Thanks

Diego's way of saying Thanks. Guatemala my second home 2011. I miss all of you

To you


Why?

When I had to say goodbye to the girl that may have been “The One”, I never thought that a farewell could be so brief and I never believed that it was forever. A few months ago when I had to say goodbye to the country that had been my second home, I couldn’t hold my tears back. When I had my last conference call with Astrid and Alejandra, two of my most faithful collaborators in Central America, to say that everything was over were so difficult. I could never feel faith in my work again like I had felt it with them, and it was so hard for me not only to find the words but also to articulate them. Several years ago when my grandmother said goodbye to everyone forever I couldn’t avoid feeling anger at the loss of a good friend.

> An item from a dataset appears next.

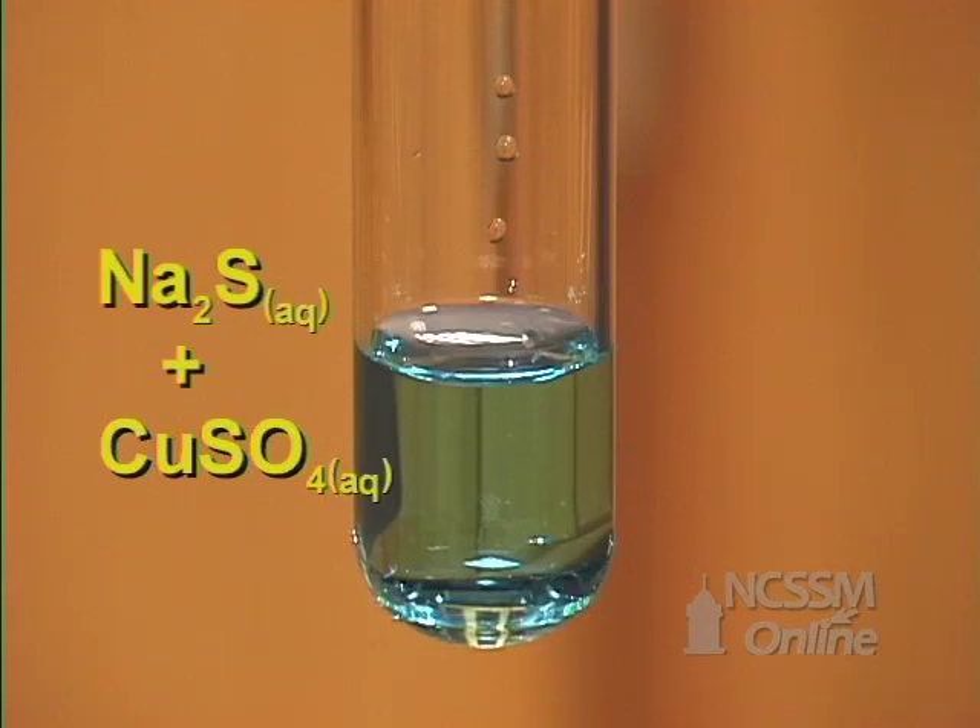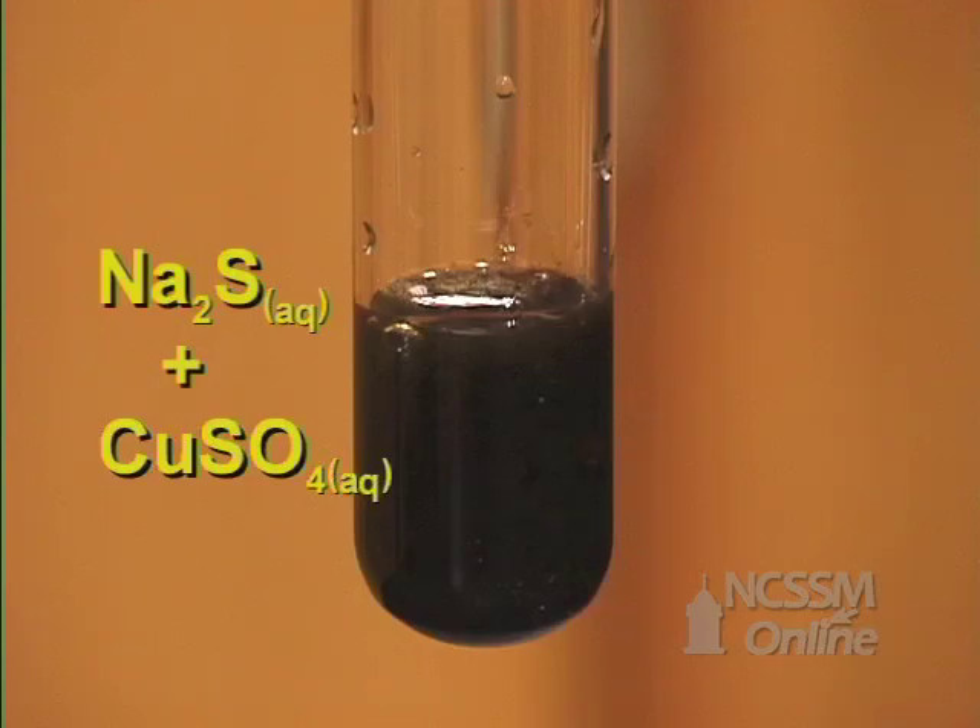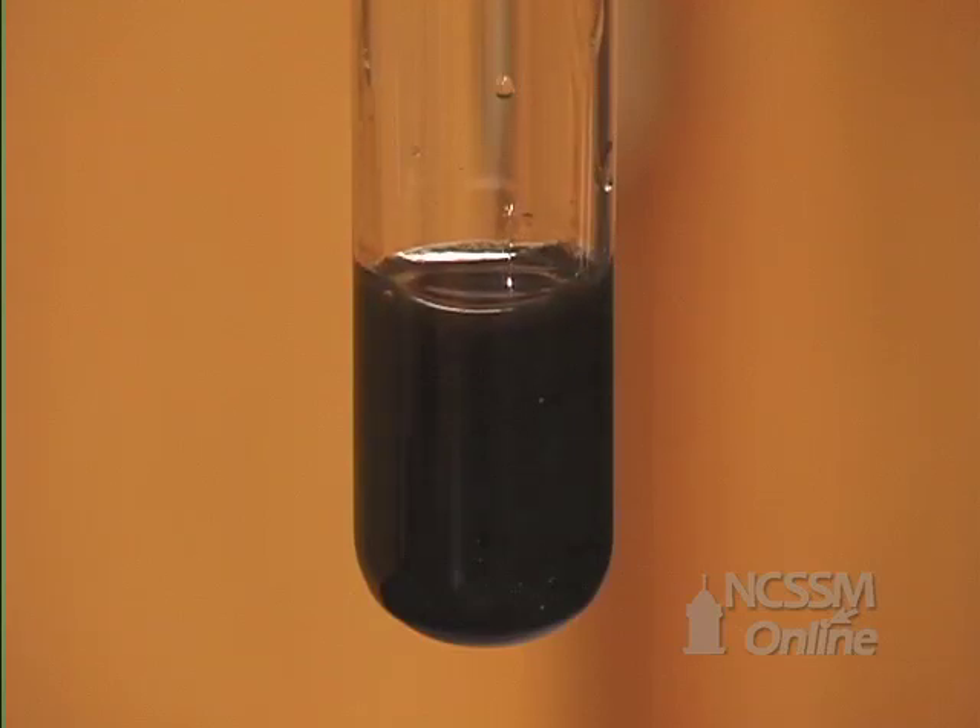When the sodium sulfide is added to the copper sulfate, we get the rapid formation of a brown-black solid. The brown-black solid is copper sulfide.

Yesterday I wrote in my previous post: “Nowadays when everything looks lacklustre, when a big crisis hits us without mercy . . .” And now I wonder: do you think it is time to say thanks?

The reason

Tagore said: "Thank the flame for its light, but do not forget the lamp holder standing in the shade with constancy of patience." Light and darkness are part of the same reality. The same way that bombs and acts of embracing are around us. But a bomb makes more noise than a thousand acts of embracing, however caressing wins for majority. Things that happen are not good or bad in themselves. How can we learn from them? Perhaps that is the question. Every single moment is a good moment to write down the list of things for which we must give thanks.  If we are honest with ourselves, the list is very extensive. The beautiful drawing that Diego, the doctor’s son, had drawn for me, the bottles of rum I received as a present, and every single detail shows us the power of saying thanks and how inexpensive it is.

Finally

I am finding a lot of things for which I must give thanks; thanks to those who are reading this right now, to my mother, because in Spain today it is Mother’s Day, family, good friends, interesting books, music, pictures, the list is so extensive. This stupid crisis is forcing me to face my fears and to discover new opportunities. My grandmother wrote a beautiful poem to me and every time I read it I can feel her presence besides me. I am still in contact with Alejandra and Astrid and I am sure that we’ll meet each other soon. Some of the good friends I had left in Guatemala have been visiting me in Spain and they will continue doing so in the future. And what to say about her? I’m almost sure that we will never meet each other again and it will be so difficult to keep in touch. In a few weeks she will be nothing but a sweet dream. Anyway she will never know it, but her inspiration sparked something inside of me and it is turning out to be my most powerful ally. Thank you very much for everything.